■ GIVEN INFORMATION:
*** Block opens ***
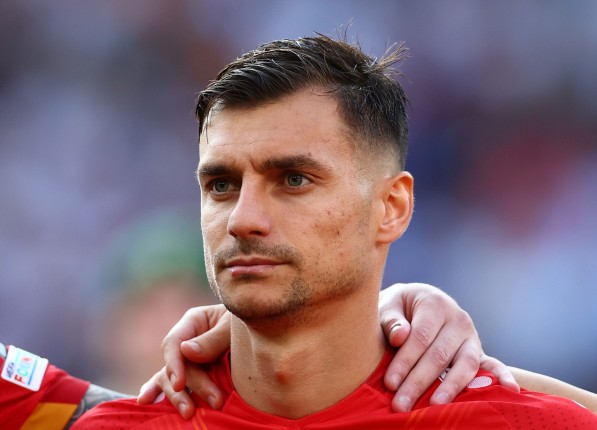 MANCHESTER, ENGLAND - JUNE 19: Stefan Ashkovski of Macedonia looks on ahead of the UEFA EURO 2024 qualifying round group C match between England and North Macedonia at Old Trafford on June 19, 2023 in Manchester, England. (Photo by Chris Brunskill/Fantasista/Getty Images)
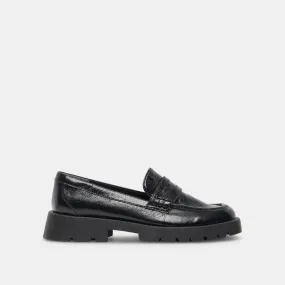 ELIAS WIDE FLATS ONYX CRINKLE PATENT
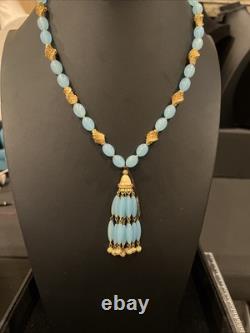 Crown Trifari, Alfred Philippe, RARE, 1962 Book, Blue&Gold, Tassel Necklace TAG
*** Block closes ***
■ TASK ITEM: Copy out the listing exactly as it stands, but not the pictures.

■ YOUR SOLUTION:
 MANCHESTER, ENGLAND - JUNE 19: Stefan Ashkovski of Macedonia looks on ahead of the UEFA EURO 2024 qualifying round group C match between England and North Macedonia at Old Trafford on June 19, 2023 in Manchester, England. (Photo by Chris Brunskill/Fantasista/Getty Images)
 ELIAS WIDE FLATS ONYX CRINKLE PATENT
 Crown Trifari, Alfred Philippe, RARE, 1962 Book, Blue&Gold, Tassel Necklace TAG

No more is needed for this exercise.